Éditorial -
Le premier ministre Jean Charest a reconnu que le Québec avait les moyens de devenir un État indépendant. S'il pouvait reculer l'horloge du temps, nul doute que sa réponse à la question du journaliste de TV5 serait beaucoup moins tranchée. Elle prendrait la couleur prudente de la mise en garde transmise au Soleil et destinée à étouffer la clameur péquiste ayant salué ses propos. Cela dit, son admission change-t-elle une donnée fondamentale de LA question ? Pas le moindrement.
C'est une chose en effet que d'établir sur la base de comparaisons statistiques que le Québec jouit actuellement d'une force et d'une vitalité économiques qui lui permettent de se classer parmi la vingtaine de pays les plus avancés de la planète. De constater également qu'on retrouve sur le territoire québécois des ressources naturelles, stratégiques et humaines suffisantes pour croire que le nouvel État pourrait tirer son épingle du jeu.
Mais c'en est une tout autre que de démontrer que les Québécois se porteraient mieux en faisant le grand saut vers l'indépendance. Que ce choix comporterait des avantages dépassant substantiellement ceux de l'appartenance à l'ensemble canadien et aux forums importants auxquels ce dernier est associé. Et que cette accession à la souveraineté se ferait sans heurts, sans trop d'impact négatif sur les échanges commerciaux vitaux avec les États-Unis et le reste du Canada.
Bref, il y a d'une part l'acquis, ses certitudes et ses frustrations bien réelles. De l'autre, le potentiel, ses extrapolations défendables et ses mirages rosés.
Tous les acteurs de bonne foi dans ce débat vont reconnaître que la vérité crue est que la souveraineté du Québec est tout à fait possible. Comme l'a reconnu Jean Charest, les moyens sont là. Il y a déjà un moment, les membres de la Commission Bélanger-Campeau avaient endossé ce même constat par la formule d'une souveraineté du Québec "faisable et viable".
Mais, avec la même honnêteté, il faut aussi dire que le passage à l'État du Québec n'est pas une simple balade. Il ne comporte aucune garantie de faire mieux. Une victoire référendaire du Oui déclencherait, comme Pauline Marois l'a reconnu lors de la récente course à la direction du Parti québécois, des années de perturbations.
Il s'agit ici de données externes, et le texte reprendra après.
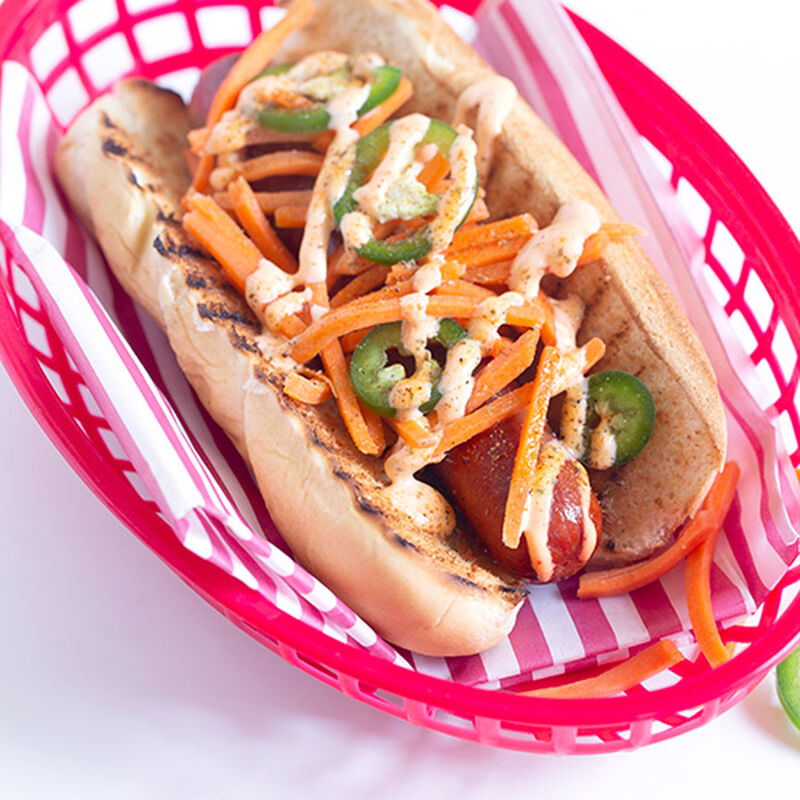 Banh Mi-ni Tacos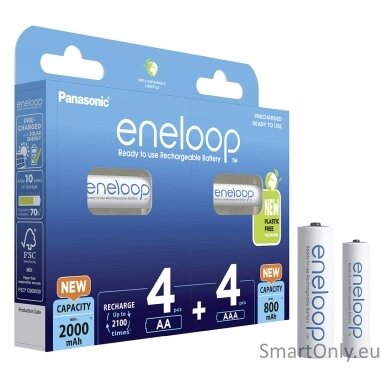 panasonic-eneloop-4-aa-2000-mah-4-aaa-800-mah-ikraunamos-baterijos-8-vnt-dezuteje panasonic-eneloop-4-aa-2000-mah-4-aaa-800-mah-ikraunamos-baterijos-8-vnt-dezuteje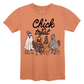 Chick or Treat Retro - Comfort Colors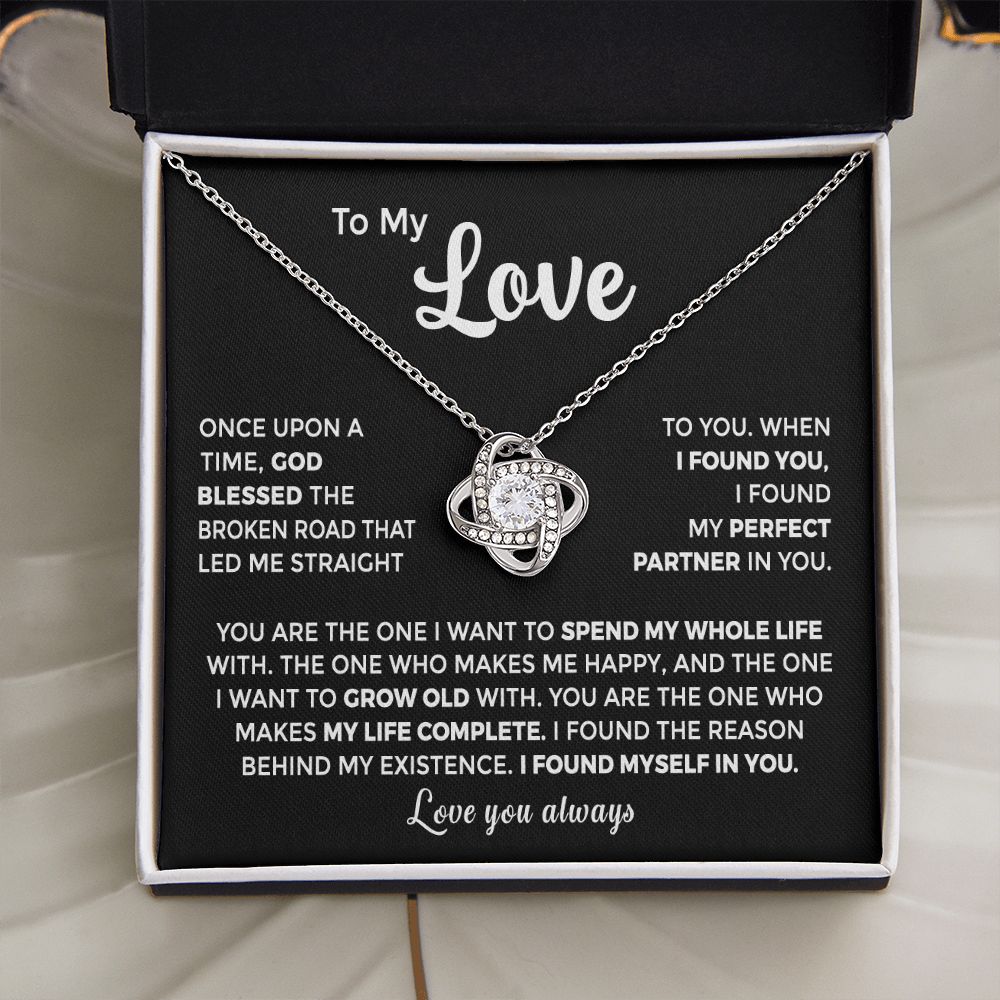 To My Love - Want to Spend My Whole Life With You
Il faudrait être naïf et ne pas avoir voyagé au Canada anglais pendant les périodes référendaires pour croire qu'un démembrement de la fédération ne susciterait pas un vif ressentiment hors du Québec.
Plaider le long fleuve tranquille en soutenant que la nécessité des affaires aurait tôt fait de laver l'affront d'une scission du Canada, c'est faire bien peu de cas d'une dimension peu glorieuse mais réelle de la nature humaine. Quand on se fait larguer, on est souvent prêt à payer le prix afin que l'autre comprenne toute l'étendue des vexations engendrées par son départ.
Il reste qu'André Boisclair a raison de vouloir tirer profit de l'affaire. L'argument a du ressort comme on a pu le constater hier lors de l'investiture du chef comme candidat péquiste dans Pointe-aux-Trembles. Il insuffle un oxygène bienvenu dans les rangs du Parti québécois où on s'inquiétait surtout pour l'instant de la performance du jeune chef.
Mais de là à affirmer que la déclaration de Jean Charest est une "victoire définitive" pour la cause souverainiste ou encore, comme l'a plaidé Bernard Landry, qu'elle vient stériliser toutes les peurs économiques et les paniques liées à l'accession du Québec à sa souveraineté, ce serait faire un peu trop vite l'économie d'un débat de fond.
La cause souverainiste est en effet encore bien loin d'avoir été entendue, débattue et jugée pour la troisième fois devant le tribunal référendaire québécois.